Stress can be good, if you de-stress

Your body has evolved the ability to respond quickly and efficiently to perceived threats. In our modern lifestyle, actual physical threats are rare, but mental and emotional challenges assault us at every turn, resulting in stress. When we can handle the stress, it acts as a growth stimulant, prompting us to change, to develop new strengths and coping mechanisms. But when stress is chronic, it causes the types of illnesses that have become common in our culture. The problem is not the stress, which can't be avoided anyway; the problem is in one's inability to de-stress.

Physical symptoms of stress

Whether you have physical, mental or emotional stress, your body will respond the same way to the perceived emergency:

  • Your digestive functions will be reduced, as non-essential, to conserve energy needed to respond to the emergency. Over time this leads to weight gain and gastrointestinal illness.
  • Your large muscles will be energized. When sustained, this tension results in muscle aches, back ache, and Restless-Legs syndrome.
  • Adrenaline is pumped into the blood stream for extra energy. But at chronic, high levels, adrenaline is a corrosive chemical that damages organs and nerves throughout the body. Furthermore, it is addictive, causing ever more risk-taking and agressive behavior to keep adrenaline flowing.
  • Short-term attention is intensified. When sustained, this can lead to a decreased ability to think long-term; everything becomes immediate and urgent, and ordinary stimuli, like the feelings of other people, do not receive attention.

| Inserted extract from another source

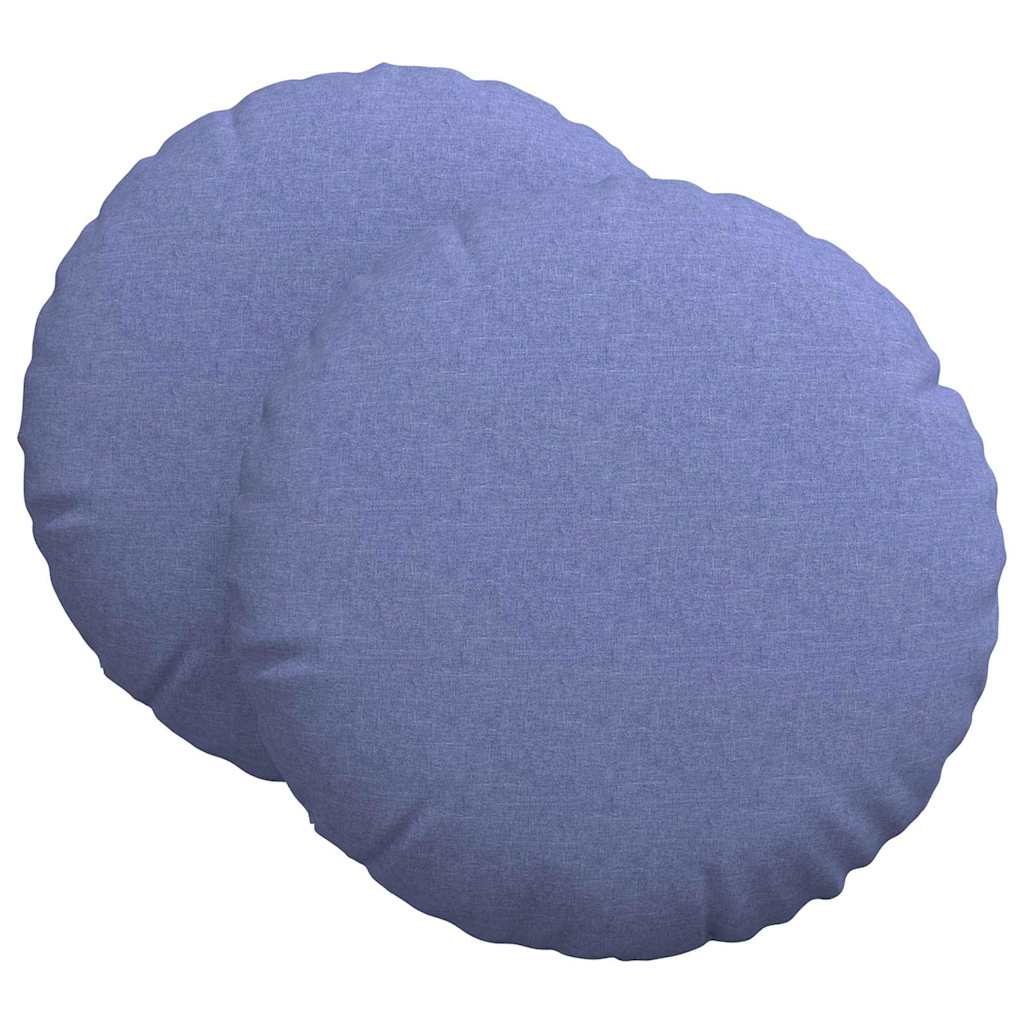 Istumispatjad 2 tk kangas Jeans sinine Ø80 x 29 cm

These are symptoms of Attention-Deficit Disorder.
  • Blood flow is increased by an increase in blood pressure, to deliver more energy to the muscles. Over time, this stress is destructive to the heart and the high blood-pressure contributes to strokes.
  • The immune system is put on high alert to speed healing from wounds that may occur during the emergency. When sustained, this leads to autoimmune disorders, e.g. Rheumatoid arthritis, Ulcerative colitis and many others.

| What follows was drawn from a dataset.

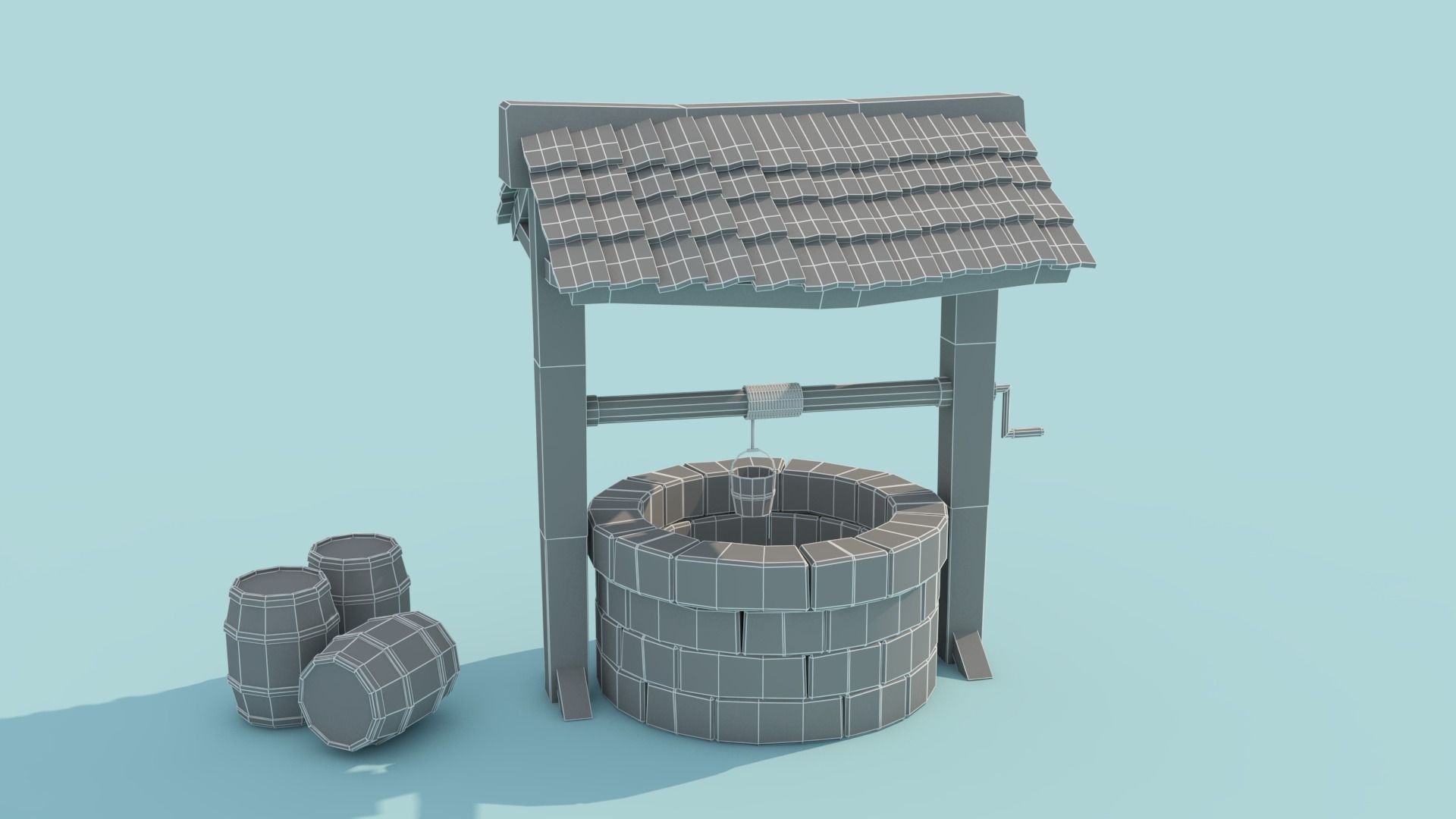 Low-poly well - Cartoon well 3d model Low-poly 3D model_7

Tiredness follows from stress

The body recognizes that chronic stress is harmful, and has developed several strategies to force a person to slow down.

  • Under stress, the magnetic field of the red blood cells is reduced so that when the cells meet, instead of bumping off of each other, they stick together and stack up like dinner plates, a process called "hemagglutination". Since the surface of each red blood cell is not exposed, this stacking results in a greatly reduced ability of the blood to transfer oxygen to the surrounding tissues (anemia). The clumps of red blood cells may also be a factor in strokes. In this generated anemia, one becomes tired and tends to avoid the stressor.

    For more information, see Hemagglutination

  • The rapid breathing that is characteristic of stress causes the CO2 level in the breath, and then in the blood, to drop. In this condition, called "hypocapnia", the oxygen in the red blood cells is not released from the cells, resulting again in anemia. Tiredness and sleep result, to remove the person from stress.

    For more information, see Hypocapnia

How Heart Rhythm Meditation Decreases Stress

Heart Rhythm Meditation includes breath control, visualization, movement, and lifestyle.

  • After movement, we sit very still, while relaxed. This creates the Alpha brainwaves typical of relaxation.
  • We make the breath conscious, which slows the breath and lowers the blood pressure.
  • We use a full breath to increase the "Vital Capacity", which increases oxygenation and energy.
  • We draw our attention to the heart, which lowers the heartrate, increases circulation, balances the immune response, and produces an expanded consciousness.
  • We coordinate the breath and the heartrate, which produces entrainment, and which is the most effective process known for increasing "Heart Rate Variability".
  • We direct the energy stream of breath through the heart to create radiant light and magnetism.

The Result

When you learn Heart Rhythm Meditation you will have an effective tool to approach the two main qualities of physical health:


  • Breath control: Ability to control the breath for maximum oxygenation: reaching a full breath repeatedly every 15 seconds.

  • Blood pressure control: Systolic pressure of 115 or lower.

  • Heartrate control: Average heartrate of 80 or below.

  • Heart rhythm control: Holding your heart in a sinusoidal Heart Rate Variability (HRV) by synchronizing it with your breath.

  • Weight control: Demonstrating a healthy balance between energy intake and expenditure.

  • A heart that can radiate light and magnetism into the world.


  • Being able to feel your heart's pulsation anywhere in your body.

  • Being free of pain.

  • Having a fluid and full range of motion in neck, back, hips and knees.

  • Having a robust immune system to keep you free of most bacterial and viral infections.

  • Able to work in a stressful environment without stress symptoms.

  • Able to put yourself to sleep and wake up refreshed.

  • Having your voice come from your chest, with resonounce.